WORK INSTRUCTIONS:
From the first line to the last, print the data exactly.

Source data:
* * * * * * * * *

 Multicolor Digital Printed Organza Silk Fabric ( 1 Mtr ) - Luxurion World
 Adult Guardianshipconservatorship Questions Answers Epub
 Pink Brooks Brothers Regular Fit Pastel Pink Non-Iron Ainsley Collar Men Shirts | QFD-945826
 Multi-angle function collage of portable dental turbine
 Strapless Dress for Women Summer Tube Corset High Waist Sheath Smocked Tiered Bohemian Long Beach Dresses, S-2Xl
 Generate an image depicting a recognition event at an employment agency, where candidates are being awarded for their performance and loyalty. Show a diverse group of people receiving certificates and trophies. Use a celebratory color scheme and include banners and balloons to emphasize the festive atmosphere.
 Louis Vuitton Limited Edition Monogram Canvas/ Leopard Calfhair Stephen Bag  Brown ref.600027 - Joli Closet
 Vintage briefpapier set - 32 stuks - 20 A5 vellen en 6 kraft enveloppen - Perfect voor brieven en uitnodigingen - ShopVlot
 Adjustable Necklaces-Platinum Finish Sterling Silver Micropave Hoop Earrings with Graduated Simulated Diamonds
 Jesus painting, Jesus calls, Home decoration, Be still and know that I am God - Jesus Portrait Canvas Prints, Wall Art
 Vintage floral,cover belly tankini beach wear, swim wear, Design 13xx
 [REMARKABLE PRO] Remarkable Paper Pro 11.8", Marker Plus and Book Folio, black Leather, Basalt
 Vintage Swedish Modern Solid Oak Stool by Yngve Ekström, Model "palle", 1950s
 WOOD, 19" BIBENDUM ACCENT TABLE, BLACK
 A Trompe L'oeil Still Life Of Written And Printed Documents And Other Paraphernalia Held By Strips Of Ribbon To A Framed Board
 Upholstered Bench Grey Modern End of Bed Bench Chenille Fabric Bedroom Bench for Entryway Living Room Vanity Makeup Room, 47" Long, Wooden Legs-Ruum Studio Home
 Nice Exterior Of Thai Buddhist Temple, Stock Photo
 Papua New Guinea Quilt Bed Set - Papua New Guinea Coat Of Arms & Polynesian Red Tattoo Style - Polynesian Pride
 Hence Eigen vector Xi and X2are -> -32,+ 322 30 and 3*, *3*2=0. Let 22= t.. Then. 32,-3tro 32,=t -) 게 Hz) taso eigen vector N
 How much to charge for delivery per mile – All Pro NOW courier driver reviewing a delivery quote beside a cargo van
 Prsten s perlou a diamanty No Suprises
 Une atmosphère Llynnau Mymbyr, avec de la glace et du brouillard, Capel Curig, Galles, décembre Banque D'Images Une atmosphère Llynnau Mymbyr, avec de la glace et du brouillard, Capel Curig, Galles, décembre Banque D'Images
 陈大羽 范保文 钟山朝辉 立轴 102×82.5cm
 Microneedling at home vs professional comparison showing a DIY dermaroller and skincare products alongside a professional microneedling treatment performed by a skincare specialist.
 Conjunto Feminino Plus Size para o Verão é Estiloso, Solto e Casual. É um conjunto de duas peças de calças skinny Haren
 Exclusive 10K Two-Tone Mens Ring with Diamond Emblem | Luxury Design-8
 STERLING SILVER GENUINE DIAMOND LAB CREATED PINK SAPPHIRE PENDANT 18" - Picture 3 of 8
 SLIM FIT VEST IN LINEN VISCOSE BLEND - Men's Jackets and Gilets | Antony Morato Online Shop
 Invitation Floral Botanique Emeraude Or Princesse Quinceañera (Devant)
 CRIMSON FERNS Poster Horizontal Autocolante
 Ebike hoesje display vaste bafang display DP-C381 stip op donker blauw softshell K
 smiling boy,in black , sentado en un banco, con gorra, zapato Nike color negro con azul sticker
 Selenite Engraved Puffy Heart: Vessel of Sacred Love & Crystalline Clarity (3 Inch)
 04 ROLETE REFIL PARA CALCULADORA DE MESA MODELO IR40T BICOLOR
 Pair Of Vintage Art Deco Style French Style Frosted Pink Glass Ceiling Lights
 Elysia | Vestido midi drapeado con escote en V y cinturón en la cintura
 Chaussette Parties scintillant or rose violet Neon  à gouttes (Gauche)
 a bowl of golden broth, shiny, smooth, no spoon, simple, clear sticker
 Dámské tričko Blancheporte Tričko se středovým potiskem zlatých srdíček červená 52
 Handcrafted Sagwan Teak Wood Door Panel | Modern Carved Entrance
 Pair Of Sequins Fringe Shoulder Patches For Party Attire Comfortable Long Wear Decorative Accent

* * * * * * * * *

REPLY TO THE TASK:
 Multicolor Digital Printed Organza Silk Fabric ( 1 Mtr ) - Luxurion World
 Adult Guardianshipconservatorship Questions Answers Epub
 Pink Brooks Brothers Regular Fit Pastel Pink Non-Iron Ainsley Collar Men Shirts | QFD-945826
 Multi-angle function collage of portable dental turbine
 Strapless Dress for Women Summer Tube Corset High Waist Sheath Smocked Tiered Bohemian Long Beach Dresses, S-2Xl
 Generate an image depicting a recognition event at an employment agency, where candidates are being awarded for their performance and loyalty. Show a diverse group of people receiving certificates and trophies. Use a celebratory color scheme and include banners and balloons to emphasize the festive atmosphere.
 Louis Vuitton Limited Edition Monogram Canvas/ Leopard Calfhair Stephen Bag  Brown ref.600027 - Joli Closet
 Vintage briefpapier set - 32 stuks - 20 A5 vellen en 6 kraft enveloppen - Perfect voor brieven en uitnodigingen - ShopVlot
 Adjustable Necklaces-Platinum Finish Sterling Silver Micropave Hoop Earrings with Graduated Simulated Diamonds
 Jesus painting, Jesus calls, Home decoration, Be still and know that I am God - Jesus Portrait Canvas Prints, Wall Art
 Vintage floral,cover belly tankini beach wear, swim wear, Design 13xx
 [REMARKABLE PRO] Remarkable Paper Pro 11.8", Marker Plus and Book Folio, black Leather, Basalt
 Vintage Swedish Modern Solid Oak Stool by Yngve Ekström, Model "palle", 1950s
 WOOD, 19" BIBENDUM ACCENT TABLE, BLACK
 A Trompe L'oeil Still Life Of Written And Printed Documents And Other Paraphernalia Held By Strips Of Ribbon To A Framed Board
 Upholstered Bench Grey Modern End of Bed Bench Chenille Fabric Bedroom Bench for Entryway Living Room Vanity Makeup Room, 47" Long, Wooden Legs-Ruum Studio Home
 Nice Exterior Of Thai Buddhist Temple, Stock Photo
 Papua New Guinea Quilt Bed Set - Papua New Guinea Coat Of Arms & Polynesian Red Tattoo Style - Polynesian Pride
 Hence Eigen vector Xi and X2are -> -32,+ 322 30 and 3*, *3*2=0. Let 22= t.. Then. 32,-3tro 32,=t -) 게 Hz) taso eigen vector N
 How much to charge for delivery per mile – All Pro NOW courier driver reviewing a delivery quote beside a cargo van
 Prsten s perlou a diamanty No Suprises
 Une atmosphère Llynnau Mymbyr, avec de la glace et du brouillard, Capel Curig, Galles, décembre Banque D'Images Une atmosphère Llynnau Mymbyr, avec de la glace et du brouillard, Capel Curig, Galles, décembre Banque D'Images
 陈大羽 范保文 钟山朝辉 立轴 102×82.5cm
 Microneedling at home vs professional comparison showing a DIY dermaroller and skincare products alongside a professional microneedling treatment performed by a skincare specialist.
 Conjunto Feminino Plus Size para o Verão é Estiloso, Solto e Casual. É um conjunto de duas peças de calças skinny Haren
 Exclusive 10K Two-Tone Mens Ring with Diamond Emblem | Luxury Design-8
 STERLING SILVER GENUINE DIAMOND LAB CREATED PINK SAPPHIRE PENDANT 18" - Picture 3 of 8
 SLIM FIT VEST IN LINEN VISCOSE BLEND - Men's Jackets and Gilets | Antony Morato Online Shop
 Invitation Floral Botanique Emeraude Or Princesse Quinceañera (Devant)
 CRIMSON FERNS Poster Horizontal Autocolante
 Ebike hoesje display vaste bafang display DP-C381 stip op donker blauw softshell K
 smiling boy,in black , sentado en un banco, con gorra, zapato Nike color negro con azul sticker
 Selenite Engraved Puffy Heart: Vessel of Sacred Love & Crystalline Clarity (3 Inch)
 04 ROLETE REFIL PARA CALCULADORA DE MESA MODELO IR40T BICOLOR
 Pair Of Vintage Art Deco Style French Style Frosted Pink Glass Ceiling Lights
 Elysia | Vestido midi drapeado con escote en V y cinturón en la cintura
 Chaussette Parties scintillant or rose violet Neon  à gouttes (Gauche)
 a bowl of golden broth, shiny, smooth, no spoon, simple, clear sticker
 Dámské tričko Blancheporte Tričko se středovým potiskem zlatých srdíček červená 52
 Handcrafted Sagwan Teak Wood Door Panel | Modern Carved Entrance
 Pair Of Sequins Fringe Shoulder Patches For Party Attire Comfortable Long Wear Decorative Accent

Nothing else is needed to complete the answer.